→ **TASK DESCRIPTION**: Shown below are entries with pictures; the line with "Kèo Chấp Bóng" through the line with "Dundee University Energy Forum All -217" is the span to retype exactly, and the pictures stay out.

→ **EXERCISE INPUT**:
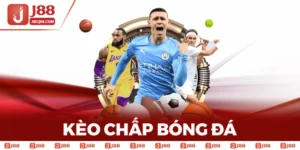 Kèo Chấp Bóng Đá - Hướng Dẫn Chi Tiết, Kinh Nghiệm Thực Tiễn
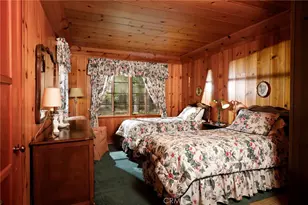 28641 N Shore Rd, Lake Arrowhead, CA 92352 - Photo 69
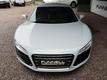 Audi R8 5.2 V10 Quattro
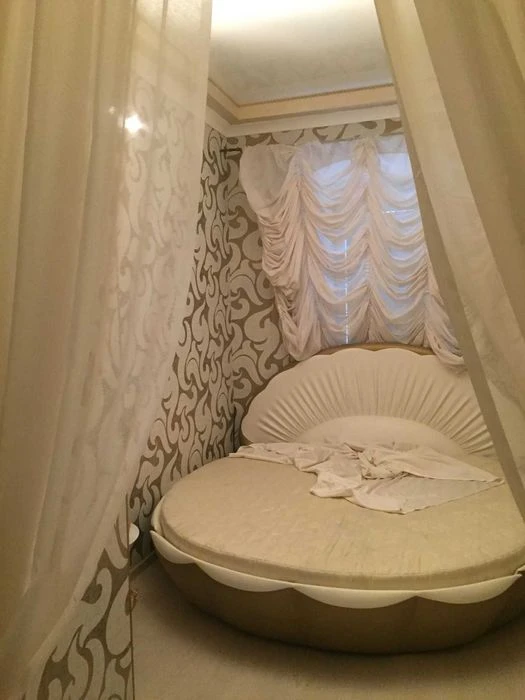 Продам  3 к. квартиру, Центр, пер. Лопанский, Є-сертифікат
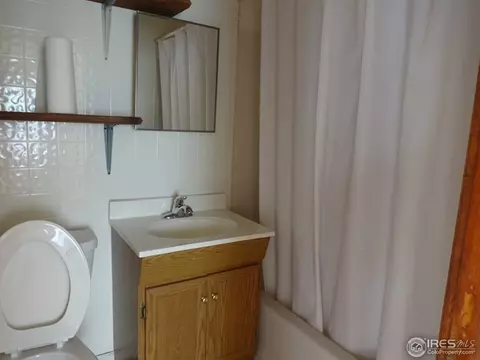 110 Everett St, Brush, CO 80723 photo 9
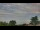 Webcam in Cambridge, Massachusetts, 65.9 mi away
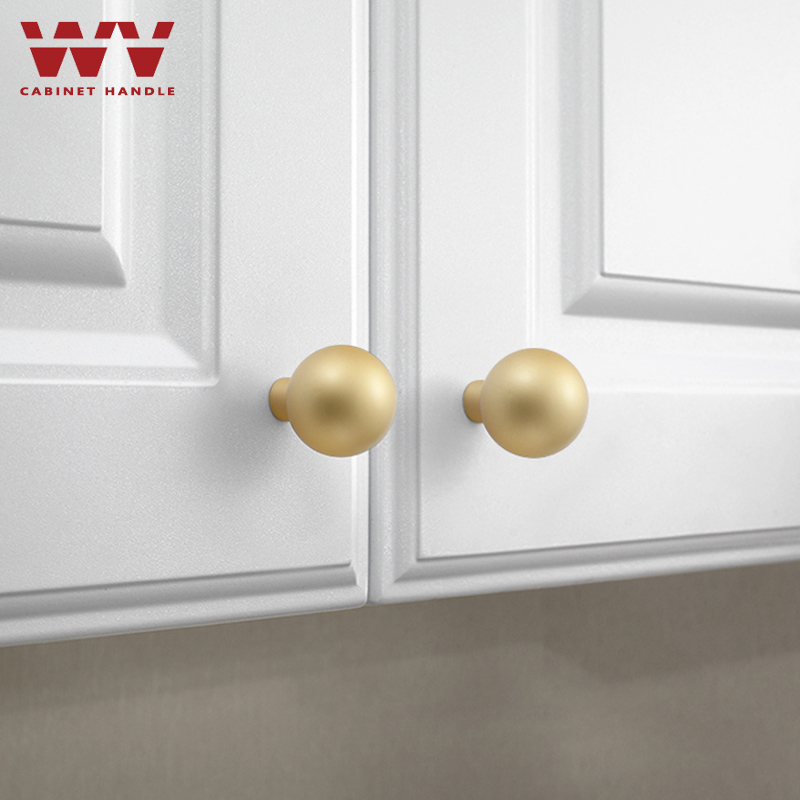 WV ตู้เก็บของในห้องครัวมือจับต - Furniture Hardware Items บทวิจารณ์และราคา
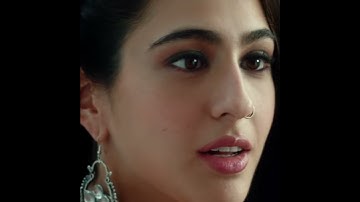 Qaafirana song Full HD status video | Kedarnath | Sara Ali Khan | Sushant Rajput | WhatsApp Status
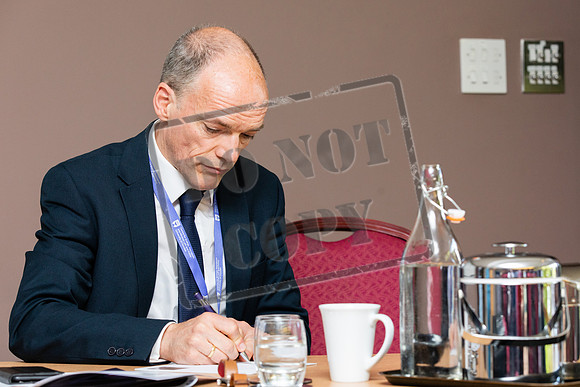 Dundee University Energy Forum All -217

* * *

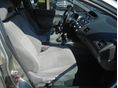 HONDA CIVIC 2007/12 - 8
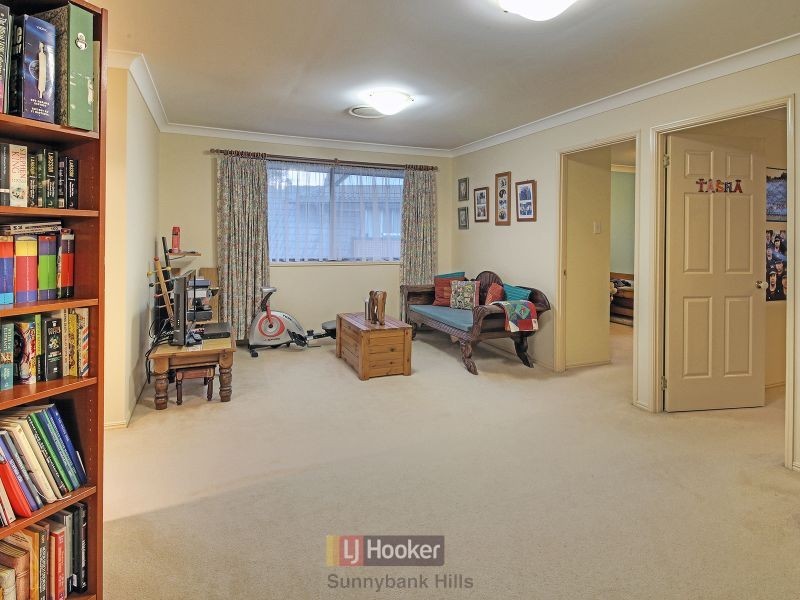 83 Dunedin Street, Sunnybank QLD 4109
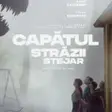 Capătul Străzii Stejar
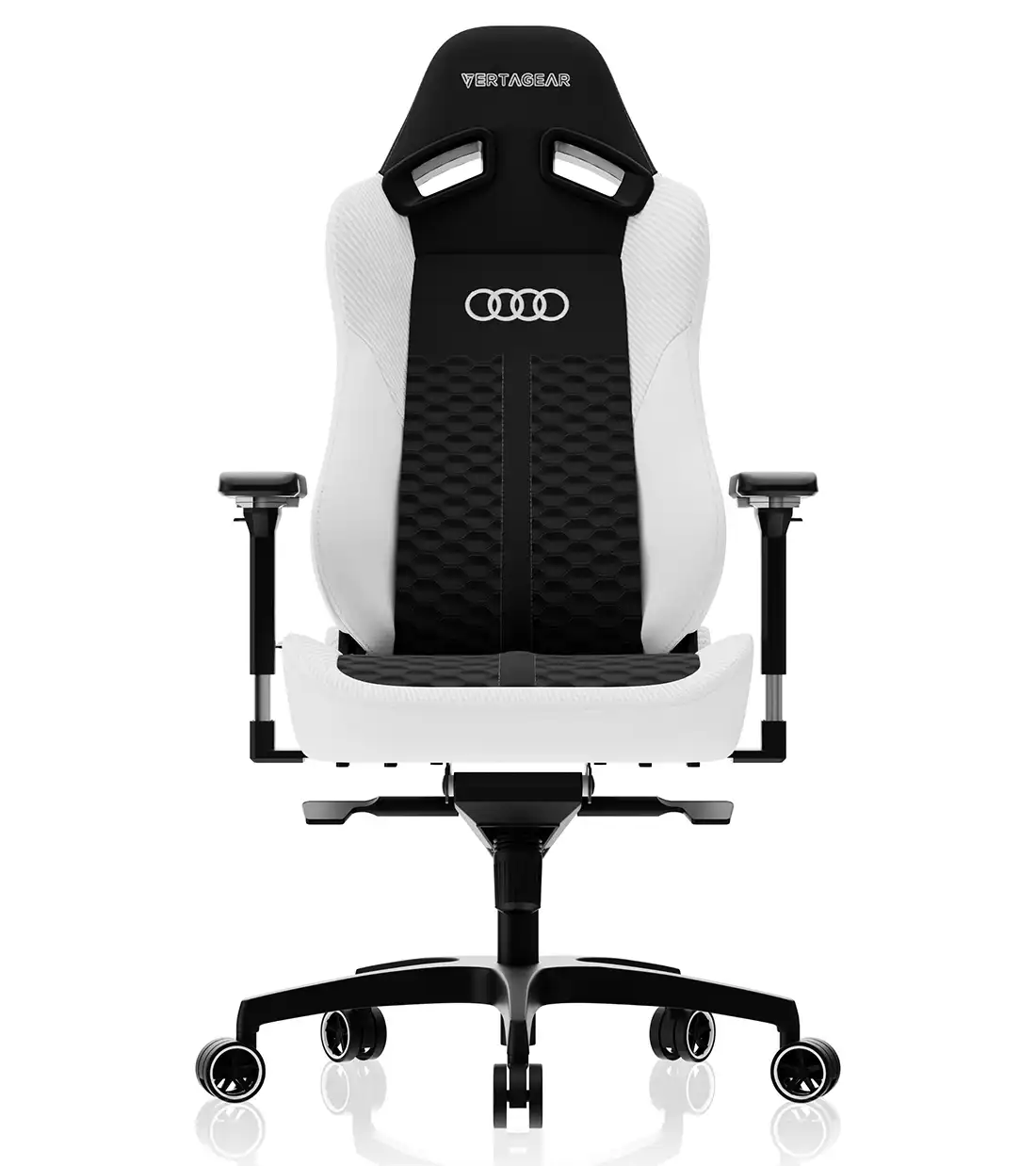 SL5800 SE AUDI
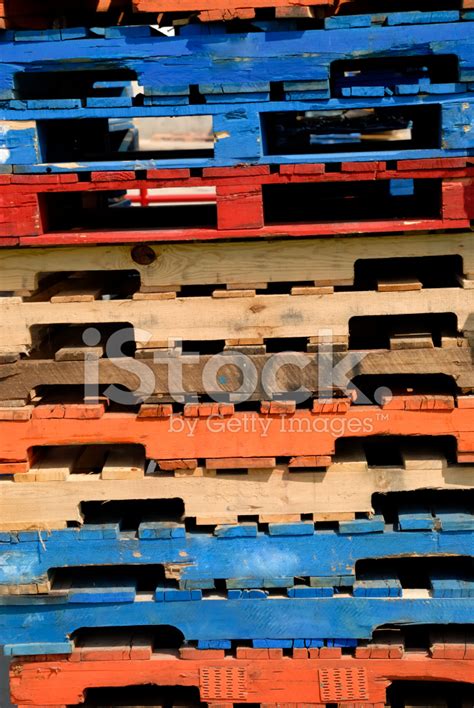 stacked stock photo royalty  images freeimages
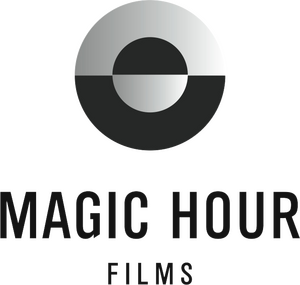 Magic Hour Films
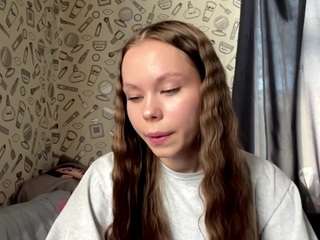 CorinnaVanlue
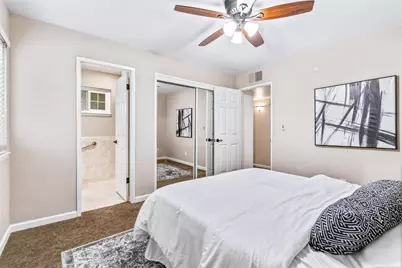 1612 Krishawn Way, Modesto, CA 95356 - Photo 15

→ **YOUR SOLUTION**:
 Kèo Chấp Bóng Đá - Hướng Dẫn Chi Tiết, Kinh Nghiệm Thực Tiễn
 28641 N Shore Rd, Lake Arrowhead, CA 92352 - Photo 69
 Audi R8 5.2 V10 Quattro
 Продам  3 к. квартиру, Центр, пер. Лопанский, Є-сертифікат
 110 Everett St, Brush, CO 80723 photo 9
 Webcam in Cambridge, Massachusetts, 65.9 mi away
 WV ตู้เก็บของในห้องครัวมือจับต - Furniture Hardware Items บทวิจารณ์และราคา
 Qaafirana song Full HD status video | Kedarnath | Sara Ali Khan | Sushant Rajput | WhatsApp Status
 Dundee University Energy Forum All -217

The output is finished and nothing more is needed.